Standing Secretary of the ruling Communist Party of Vietnam (CPV)’s Secretariat Vo Van Thuong recently signed Regulation No. 65-QD/TW of the Politburo on staff rotation.
Accordingly, the Politburo and the Secretariat will decide on the rotation of cadres at all levels, including Leadership and management officials at all levels; Key leaders at the provincial and district levels who are not local, and officials such as the chairperson of the People’s Committee, the chiefs of the People’s Courts, the People’s Procuracies, police departments, inspection agencies, finance, tax, customs, etc. at provincial and district level.
Talking to RFA on May 9 from Hanoi regarding this decision, former Deputy Minister of Natural Resources and Environment Dang Hung Vo, commented:
“The cadre work is decided by the Party, and the government side only decides on assignment, at some levels, the Prime Minister signs, at levels, the head of the agency signs, or the chairman of the People’s Committee signs for example… but officials are decided by the Party. And just now there was a story that the Party had a deeper interference of cadre work, then I think that due to the fact that current cadre work is inadequate, numerous cadres from local and ministerial levels have been convicted of criminal offenses, evidence showing that the staff work is not standard. Of course, there is also the other side that the legal system has loopholes, so people commit wrongdoing easily. Therefore, the Politburo has made certain adjustments to personnel work.”
In a one-party totalitarian country like Vietnam, it has long been obvious that the ruling party decides everything. However, normally in the past, the party took direct decisions on senior leaders of the government and the high-ranking Party cadres only. Is there any sign of this change?
Journalist Vo Van Tao, when answering RFA from Nha Trang on May 9, said his opinion:
“Information about the latest regulations on management of senior officials, local leaders, Procuracy, Courts, Customs, Taxation… then I think this is a reaction that is roughly lack of capable cadres. Actually, the communist regimes tend to control everything, but for foreign affairs… they give birth to a dual apparatus of government, even the National Assembly and the Fatherland Front, etc. but in fact, it belongs to the Party. The party controls everything. This is also a way to reduce responsibility for the most senior officials of the party so that when mismanaging, there is room to bear. The party avoids scandal, indirectly like that.”
But according to journalist Vo Van Tao, this is contradictory, he cited:
“For a long time, the Party has also publicly declared that cadre work belongs to the Party, only the Party decides. This time they were more specific, and I think it’s a shortage of cadres because there have been many high-ranking cadres who committed mistakes so much that they had to go to jail, just now, more than 40 police and army generals have been imprisoned for criminal offenses, even members of the Politburo or some ministers. So now they are startled, the branches that can be corrupt such as the Procuracy, Court, and Customs are tightened, and they hope the quality of cadres will be raised. But I think this is a sloppy move because of the fact that the party has decided for a long time while the government has no power on cadres issues.”
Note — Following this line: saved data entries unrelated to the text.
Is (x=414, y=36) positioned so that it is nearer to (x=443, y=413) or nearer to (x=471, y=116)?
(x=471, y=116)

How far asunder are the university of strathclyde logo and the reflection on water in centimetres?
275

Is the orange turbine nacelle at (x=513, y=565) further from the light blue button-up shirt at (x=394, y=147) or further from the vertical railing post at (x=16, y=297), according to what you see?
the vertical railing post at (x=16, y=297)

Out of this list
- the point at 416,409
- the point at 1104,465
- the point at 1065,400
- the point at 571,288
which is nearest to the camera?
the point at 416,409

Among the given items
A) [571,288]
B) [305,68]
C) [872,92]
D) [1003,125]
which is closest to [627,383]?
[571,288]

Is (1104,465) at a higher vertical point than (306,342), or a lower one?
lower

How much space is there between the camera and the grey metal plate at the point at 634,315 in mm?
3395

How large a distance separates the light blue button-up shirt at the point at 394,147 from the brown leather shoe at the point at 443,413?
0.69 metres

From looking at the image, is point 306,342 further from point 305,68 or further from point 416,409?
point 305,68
Therefore, journalist Vo Van Tao said that this change is only a formality, adding confusion, overlapping, and complexity… but essentially nothing changes.
There is an opinion in the public that if the Party wants to manage everything of the State like that, why not merge the dual system of the Party-State?
For a long time in Vietnam, merging the titles of the Communist Party with government agencies into one has been discussed. So is this change in staff rotation a sign of consolidation?
Former Deputy Minister Vo further commented:
“The unification of the Party and the government has been discussed for about 20 years now, in order to build organizations and institutions. It seems that the intention to innovate and learn in the spirit of China is a two-door. That is, the position of cadre has a person in charge, representing both the Party and the State. However, there are also many opposing opinions, that if that is the case, it will easily lead to monopoly, so there must still be two roles, controlling each other, more closely. So far, Vietnam has not implemented the ‘one house, two doors’ mechanism…”
In the current organizational structure of the Vietnamese communist dictatorship, for every part of the government, there is a part of the Party at the same time. This is considered a model of the communist party leading all activities of the society. Such overlap has created a huge payroll for the public administration sector in Vietnam, consuming a lot of the state budget.
Dr. Ngo Tri Long, an economic expert now living in Hanoi, said that lean is necessary:
“The issue of unification has been discussed for a long time. The downsizing of Vietnam’s administrative and political system is irreversible, because the public debt is very large and the overspending is high, so it must be streamlined to reduce recurrent costs.”
According to Mr. Ngo Tri Long, with the constraints of the national budget, the unification of the Party and the government must definitely be done, but it may depend on a fast or slow route depending on the actual situation.